| Given data |
========================

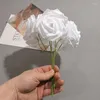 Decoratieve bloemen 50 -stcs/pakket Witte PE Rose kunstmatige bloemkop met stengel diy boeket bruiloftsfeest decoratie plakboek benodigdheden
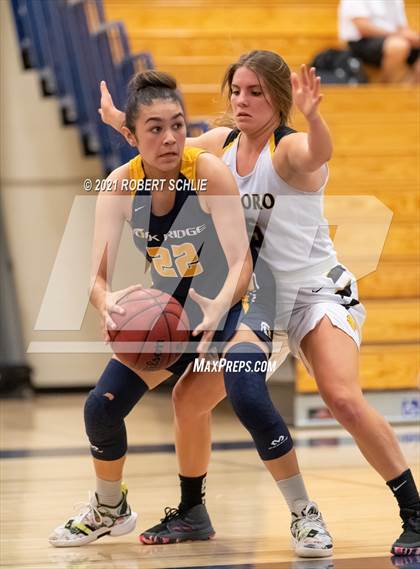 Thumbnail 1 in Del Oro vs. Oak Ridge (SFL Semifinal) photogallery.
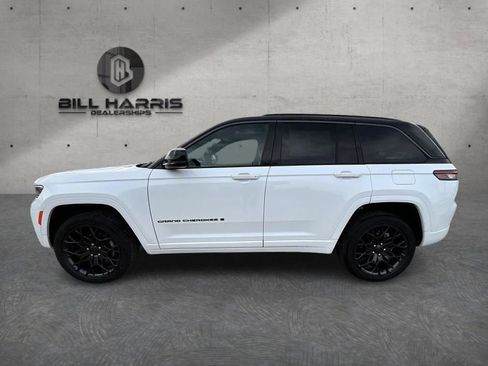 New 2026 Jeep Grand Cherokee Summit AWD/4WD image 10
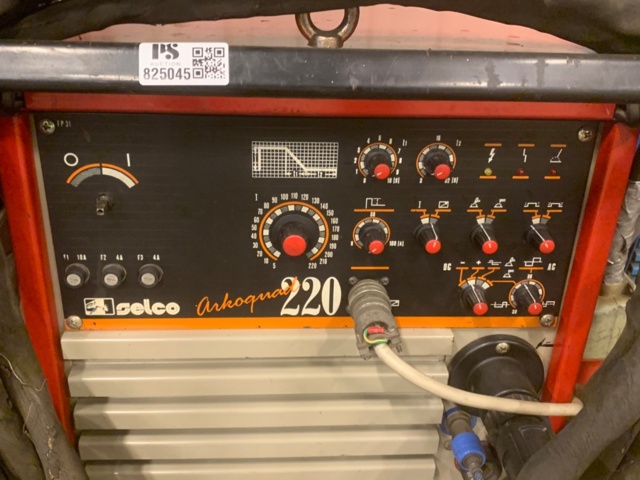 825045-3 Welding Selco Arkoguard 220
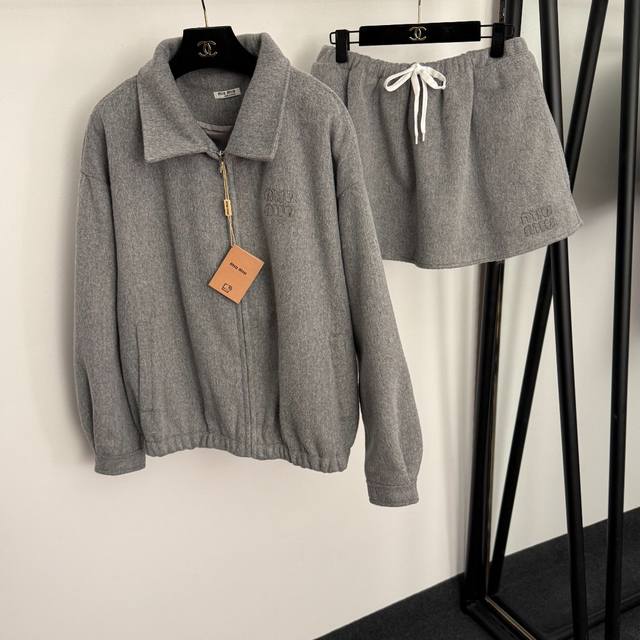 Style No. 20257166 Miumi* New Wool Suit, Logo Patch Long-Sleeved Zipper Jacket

========================

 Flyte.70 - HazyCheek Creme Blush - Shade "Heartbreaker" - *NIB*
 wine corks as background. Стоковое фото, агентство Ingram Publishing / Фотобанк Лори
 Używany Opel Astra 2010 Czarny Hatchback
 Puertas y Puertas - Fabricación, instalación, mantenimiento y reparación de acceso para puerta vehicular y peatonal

========================

From the data above, retype only the lines starting with the line with "Decoratieve bloemen 50" and going on through the line with "Style No. 20257166", exactly, leaving out the pictures.

| Exercise solution |
 Decoratieve bloemen 50 -stcs/pakket Witte PE Rose kunstmatige bloemkop met stengel diy boeket bruiloftsfeest decoratie plakboek benodigdheden
 Thumbnail 1 in Del Oro vs. Oak Ridge (SFL Semifinal) photogallery.
 New 2026 Jeep Grand Cherokee Summit AWD/4WD image 10
 825045-3 Welding Selco Arkoguard 220
 Style No. 20257166 Miumi* New Wool Suit, Logo Patch Long-Sleeved Zipper Jacket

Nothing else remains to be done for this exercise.